## [About this exercise]
Exactly the lines from the line containing "Montageplatten für Gewindestangen" through the final line of the entries below must be returned, and only those, without pictures.

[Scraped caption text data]
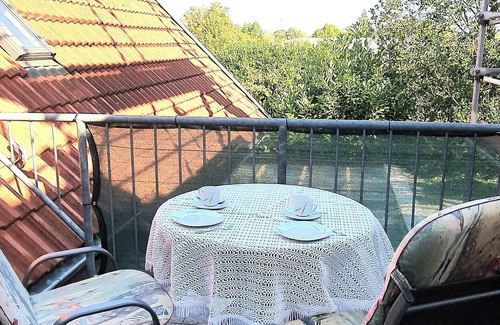 Jever Apartment | Cozy apartment centrally located with separate entrance and parking.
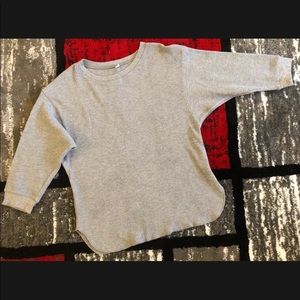 UNI QLO Grey Crewneck Sweatshirt Pullover - 3/4 sleeve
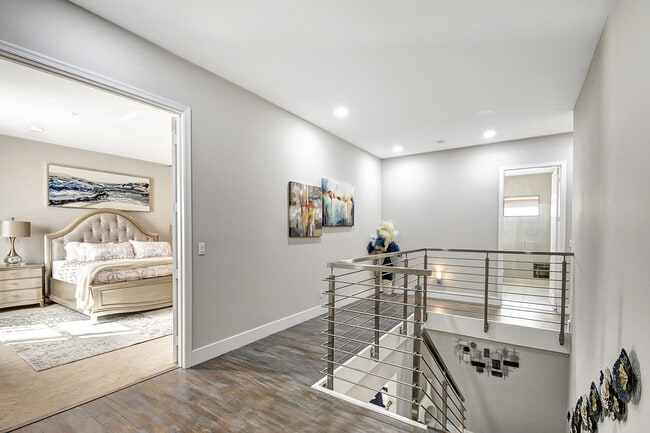 Building Photo - 8952 Cypress Grove Ln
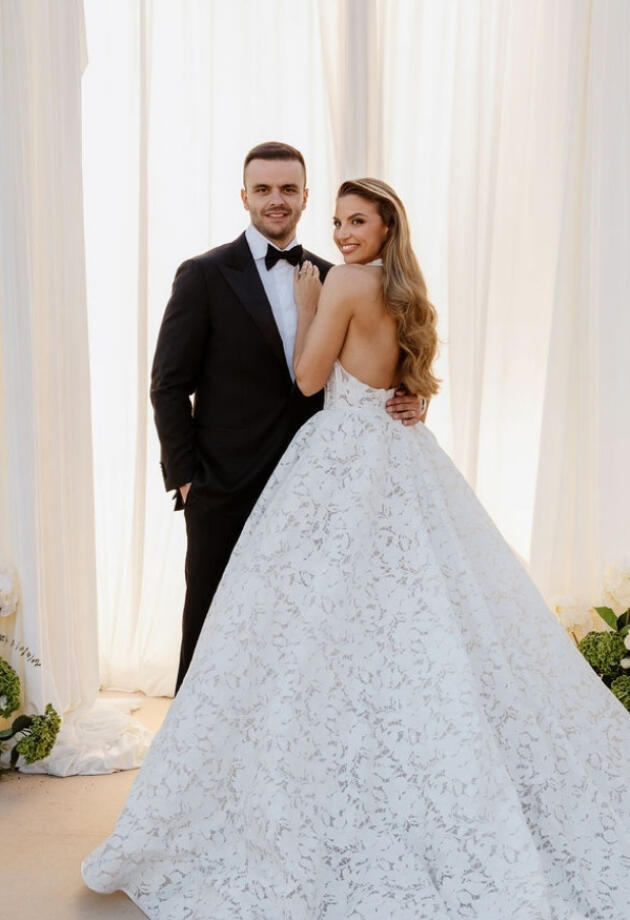 Ovo vjenčanje izgleda kao modni editorial. SAZU Weddings otkriva priču iza kadra.
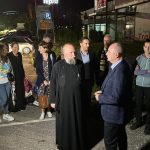 Vernici koji su noć proveli pod opsadom Kurtijeve policije, stigli u Novi Sad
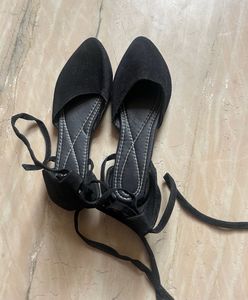 Summer Sale 🔥Elegant Black Flat Gladiator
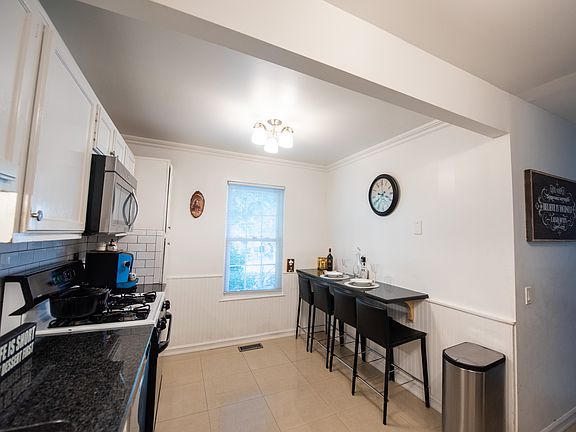 5th image of 211 Carrollwood Dr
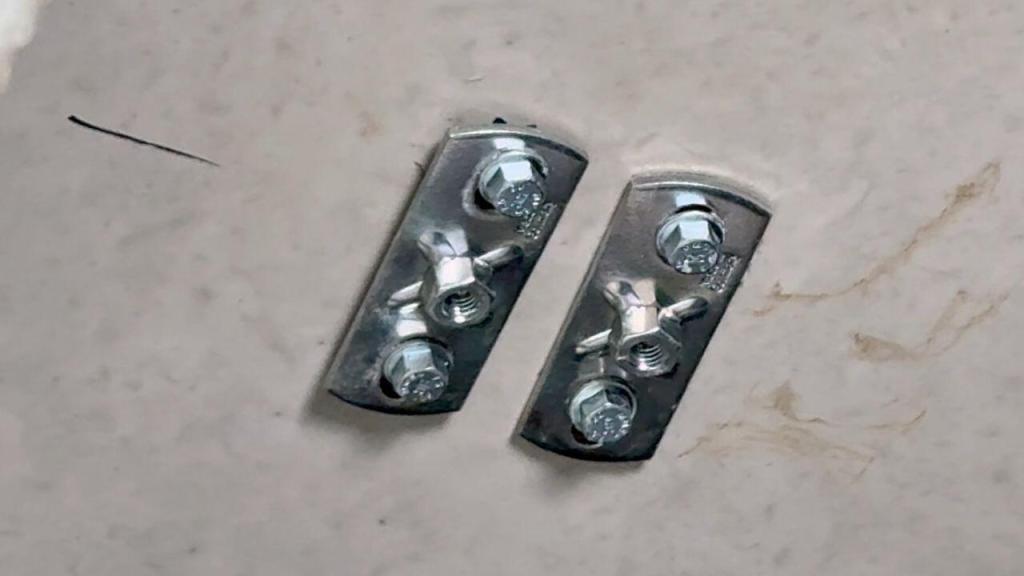 Montageplatten für Gewindestangen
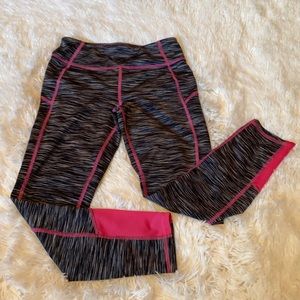 Girls athletic leggings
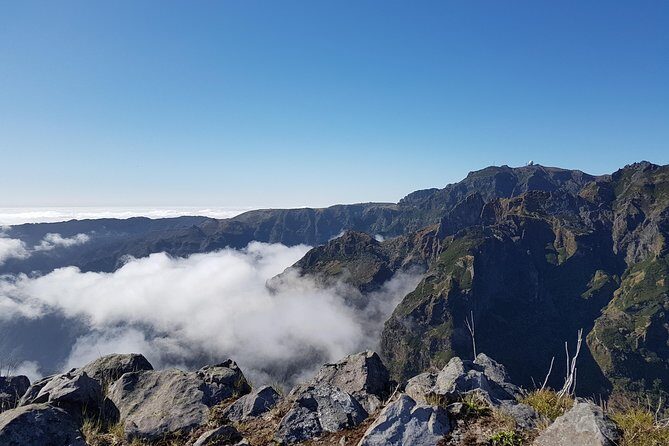 Private Walk Achadas Teixeira - Pico Ruivo Half-day - Entering the day with pickup and private transport that reduce stress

## [Result of this task]
 Montageplatten für Gewindestangen
 Girls athletic leggings
 Private Walk Achadas Teixeira - Pico Ruivo Half-day - Entering the day with pickup and private transport that reduce stress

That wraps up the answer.